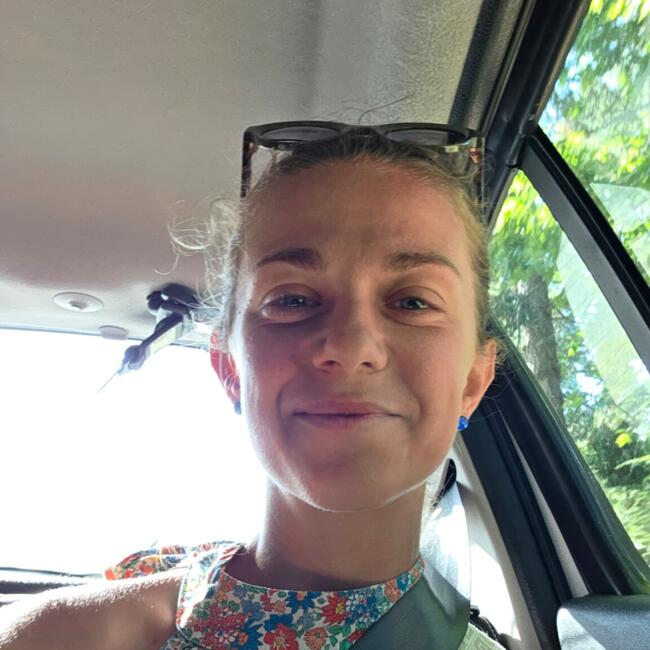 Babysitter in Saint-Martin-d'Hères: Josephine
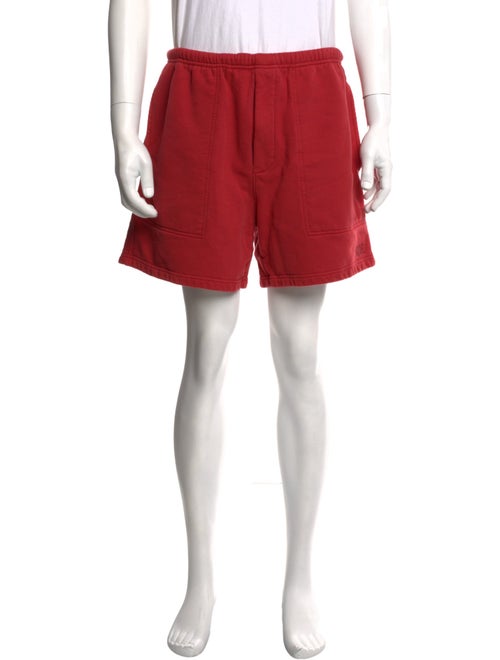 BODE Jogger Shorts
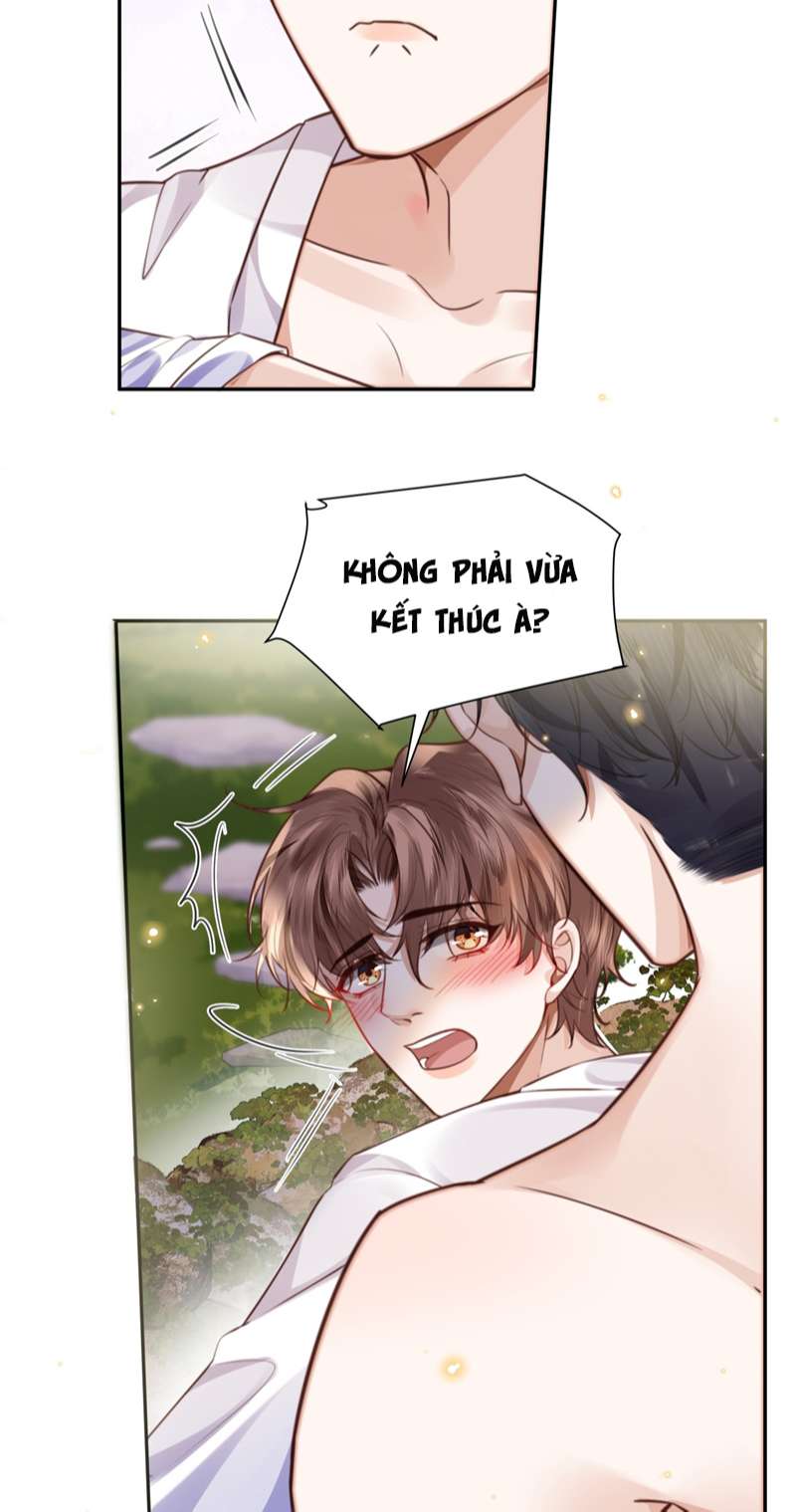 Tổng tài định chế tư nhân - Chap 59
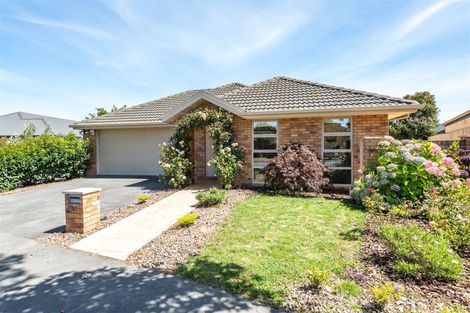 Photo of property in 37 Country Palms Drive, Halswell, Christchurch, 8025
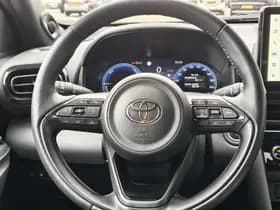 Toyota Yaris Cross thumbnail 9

=======

▶ [WHAT THE TASK REQUIRES]:
All lines from the one containing "Tổng tài định chế tư nhân - Chap 59" through the end of the data are to be written out exactly, with nothing added; skip the pictures.

▶ [ANSWER SECTION]:
 Tổng tài định chế tư nhân - Chap 59
 Photo of property in 37 Country Palms Drive, Halswell, Christchurch, 8025
 Toyota Yaris Cross thumbnail 9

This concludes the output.